Could you write out, exactly as they stand, only the lines in the listing below from the line with "Rent this 1" to the line with "Precision and Durability: Alumina", both ends included, without the pictures?

───── LISTED RECORDS

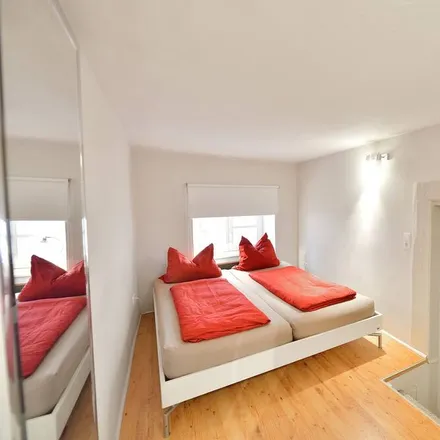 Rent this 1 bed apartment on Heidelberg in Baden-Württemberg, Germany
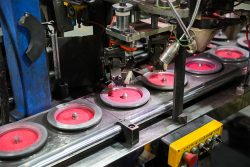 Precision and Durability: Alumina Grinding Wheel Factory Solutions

──────────
───── LISTED RECORDS

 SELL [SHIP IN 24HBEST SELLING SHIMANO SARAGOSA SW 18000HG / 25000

──────────
───── LISTED RECORDS

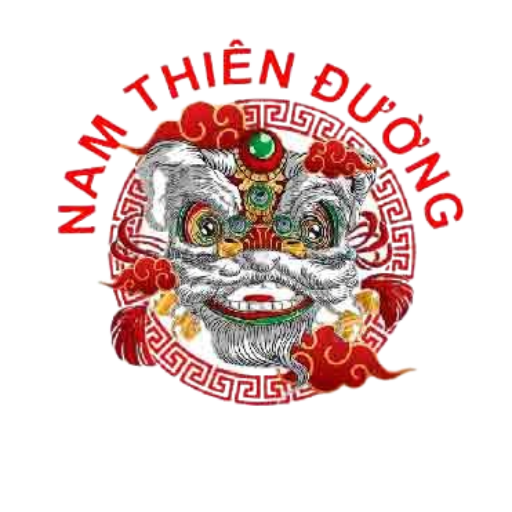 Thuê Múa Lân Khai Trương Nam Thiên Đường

──────────

EXERCISE SOLUTION
 Rent this 1 bed apartment on Heidelberg in Baden-Württemberg, Germany
 Precision and Durability: Alumina Grinding Wheel Factory Solutions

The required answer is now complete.